BEGIN

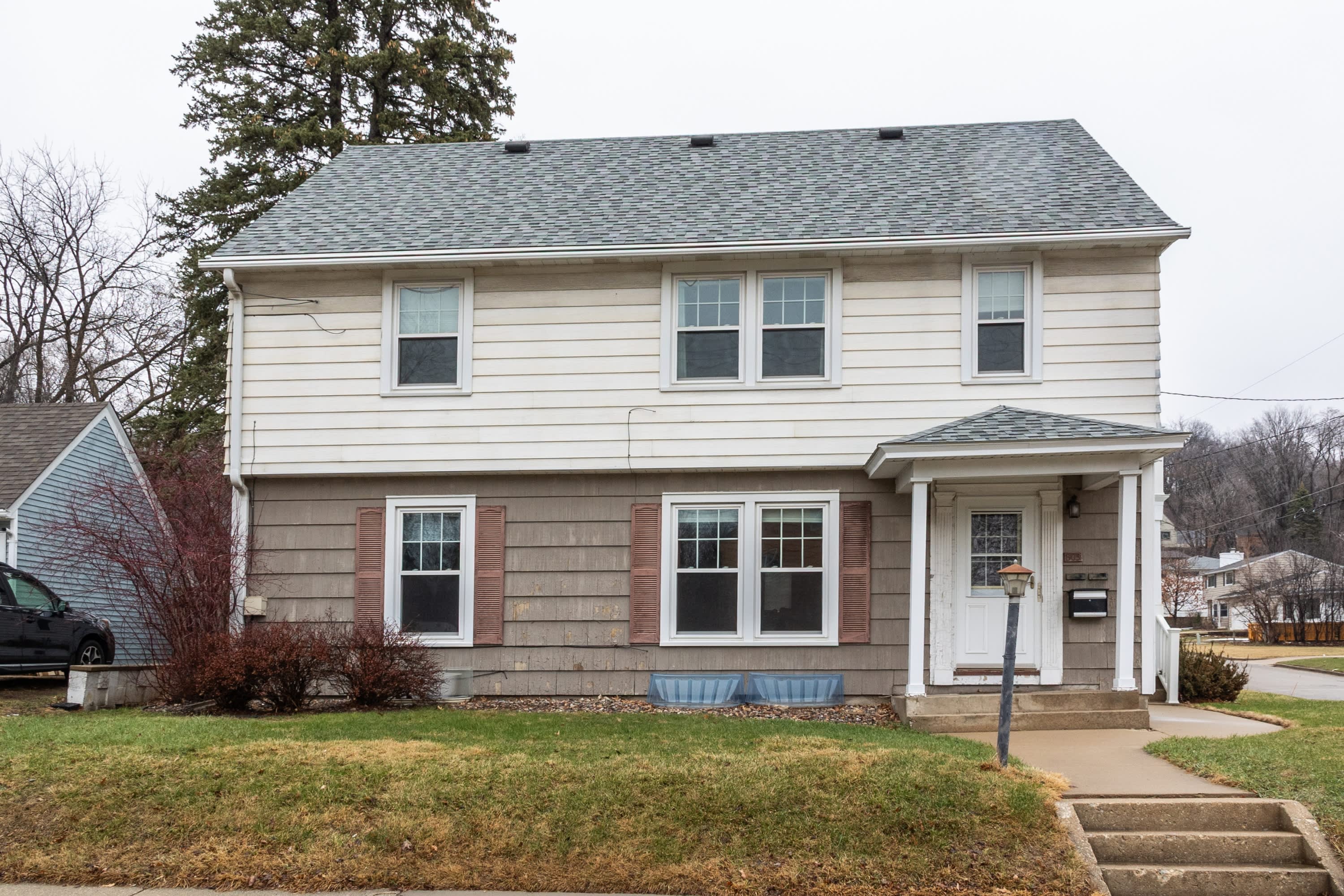 803 14th Street Northwest – photo 1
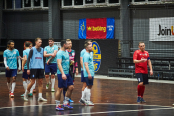 <a href="https://st.getinfootball.com/albums/1100079/69979a1256be4_1920.jpg" target="_blank">Завантажити оригінал</a>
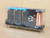 Omron G7SA-5A1B Relay 24VDC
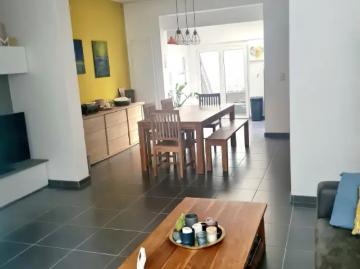 te koop Huis Halle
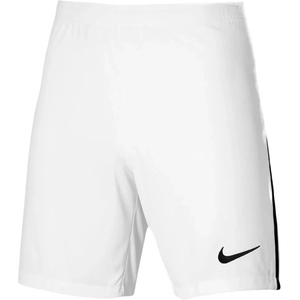 Nike League iii shorts xxxl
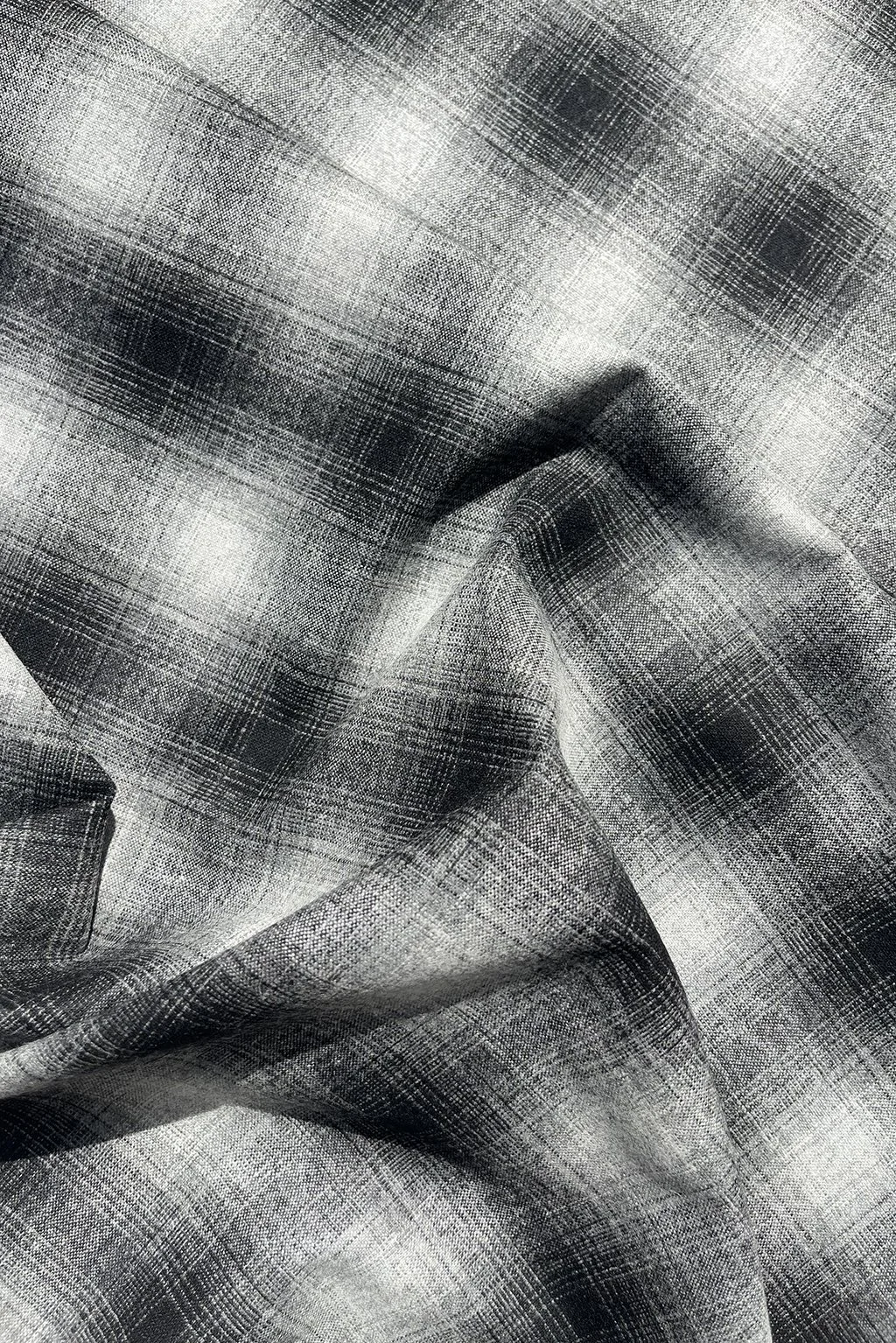wool blend pop art in black.jpg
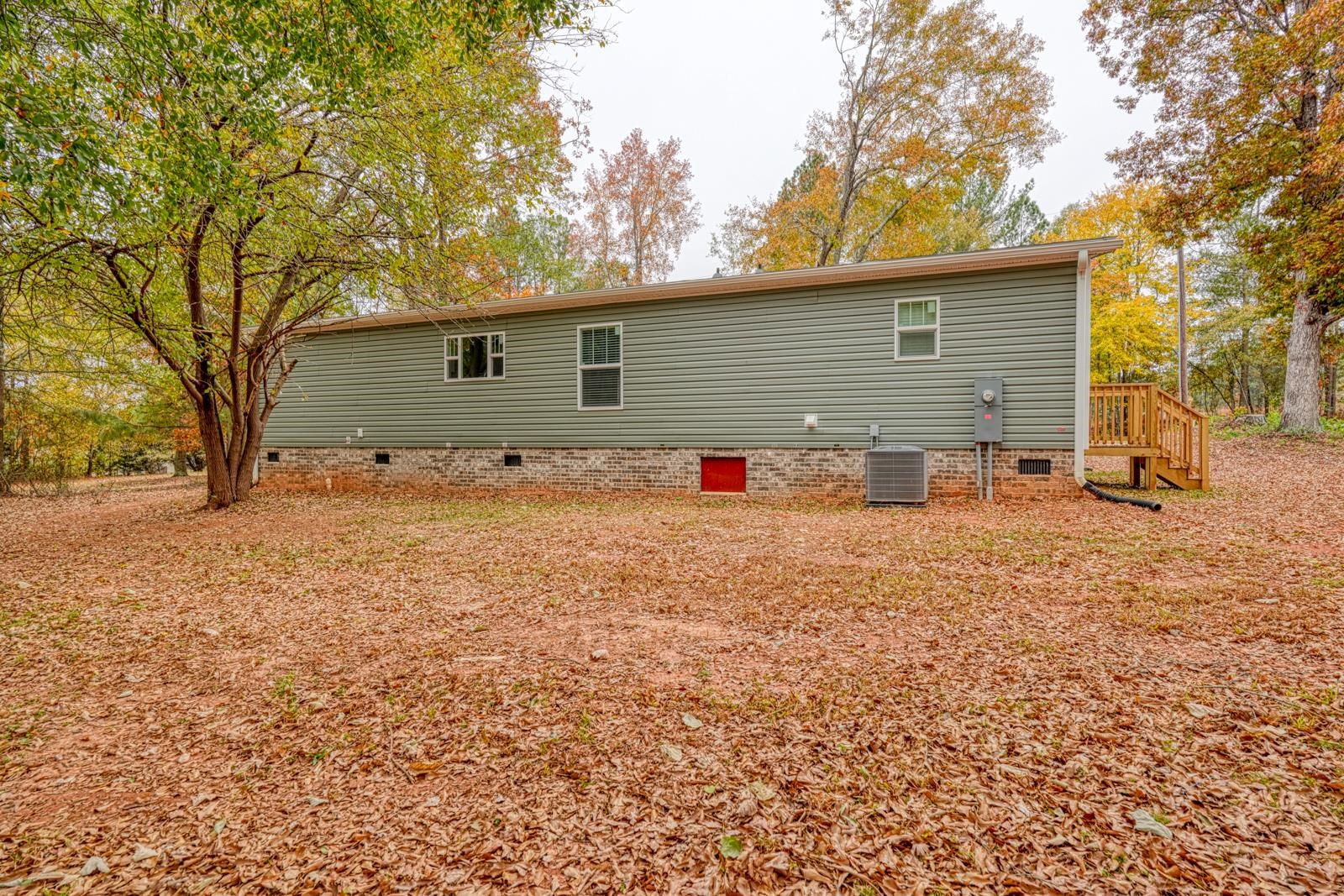 259 Kelly Road Spartanburg, SC 29307 - Photo 29 of 32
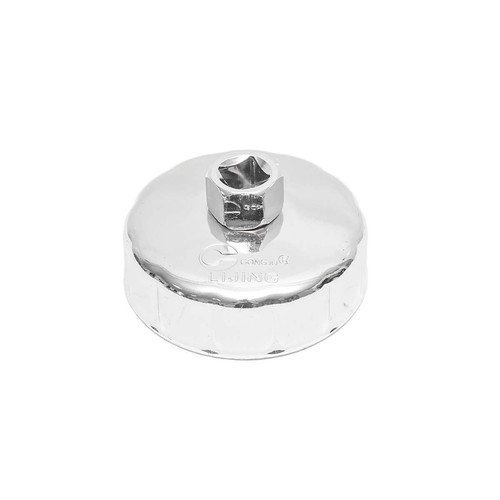 Chiave filtro olio mm - olio,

END

Restate word for word the lines from the line with "Omron G7SA-5A1B Relay 24VDC" to the last line of the records above, inclusive, and omit every picture.

 Omron G7SA-5A1B Relay 24VDC
 te koop Huis Halle
 Nike League iii shorts xxxl
wool blend pop art in black.jpg
 259 Kelly Road Spartanburg, SC 29307 - Photo 29 of 32
 Chiave filtro olio mm - olio,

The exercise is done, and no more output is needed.